The foul floodwaters swept little Montava Trueblood away, snatching him from his mother as New Orleans fell into absolute horror almost one year ago.
Montava slipped off a rooftop in the Lower 9th Ward and into a violent sea of destruction on Aug. 29.
He never got to enter first grade. He never got to celebrate his 7th birthday in December. Instead, he slipped beneath a pile of debris and drowned.
Only days ago, Montava was finally given a proper funeral, as the world prepares to take notice of the one-year anniversary of the worst natural disaster — and arguably the worst engineering failure — in the history of the United States. Preachers comforted the 30 or so mourners inside Littlejohn’s Funeral Home on Aubry Street. On Aug. 15, the boy’s remains were identified by the Orleans Parish coroner’s office through a DNA sample his mother gave mortuary officials a month after the storm, the Trueblood family said.
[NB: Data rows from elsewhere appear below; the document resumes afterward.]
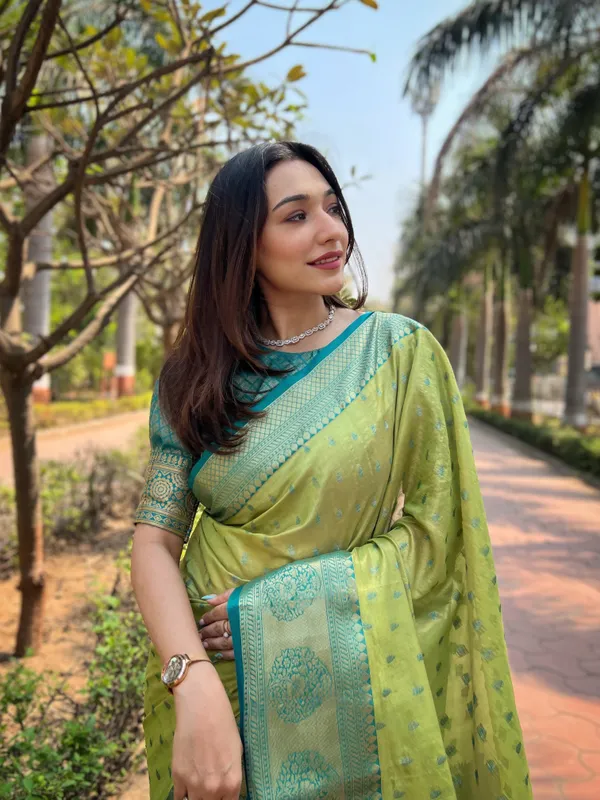 Green_Art_Silk_Self_Design_Kanjivaram_Saree_With_Unstitched_Blouse_For_Women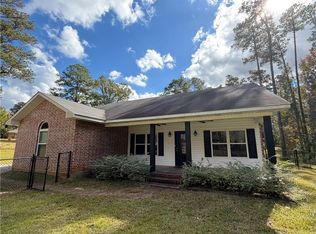 526 Holly Moore Dr, Pineville, LA 71360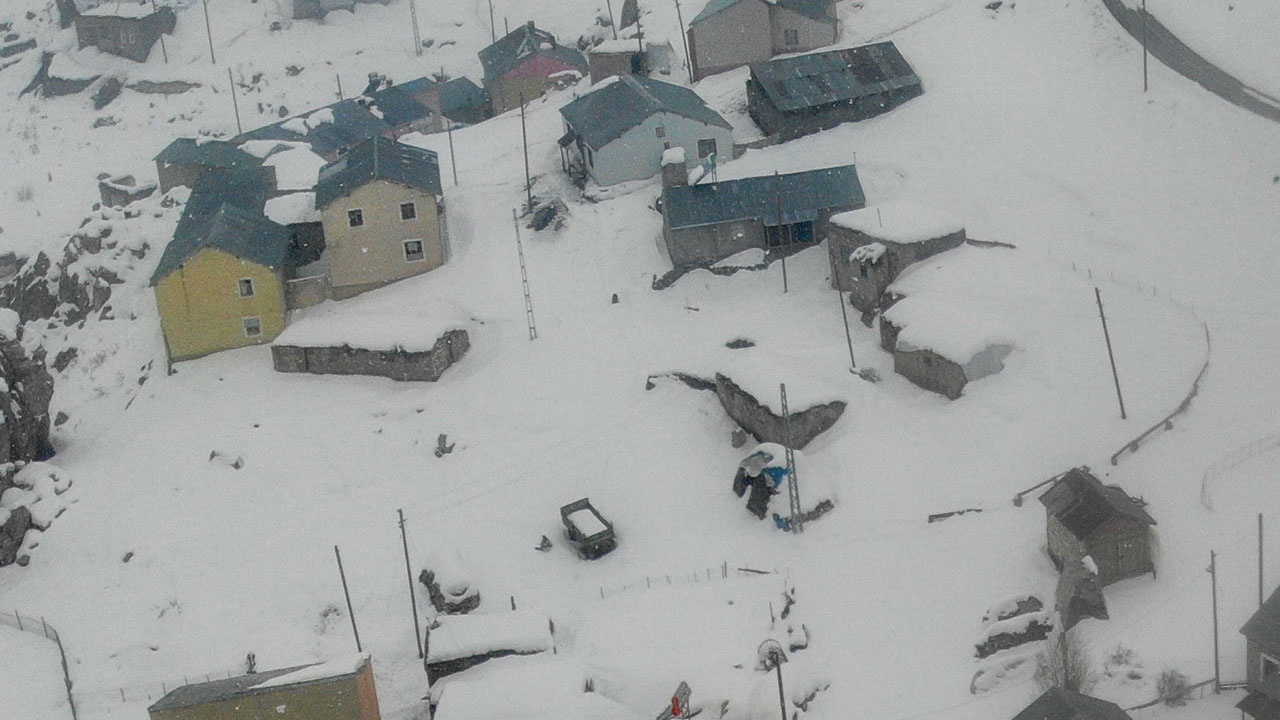 Ağrı'dan inanılmaz görüntüler! Yüksek kesimlerde evler kar altında kaldı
When the child’s ashes are placed in a plot at Resthaven Cemetery, he will not be alone.
Montava will be laid to rest in October alongside his mother and his baby brother who, after barely escaping the floodwaters, perished in a fire in Milwaukee in December, a few days shy of his mother’s 32nd birthday.
After the rising tide crashed through the levee breach at the Industrial Canal, Byndra Trueblood took her sons out of their flooding house, waded through the dirty water and sought refuge on the roof of a house down the street.
The children clung to their mother. Trueblood would later show her family the scars on her arms and legs left by toddler Davonta, who had clutched her tightly amid the rushing waters.
“They were overtaken by the floodwaters,” Trueblood’s sister, Darleen Trueblood said of the little family. “She said she couldn’t hold both of them and he was swept away.”
The boys’ father died more than a year ago of cancer, relatives said.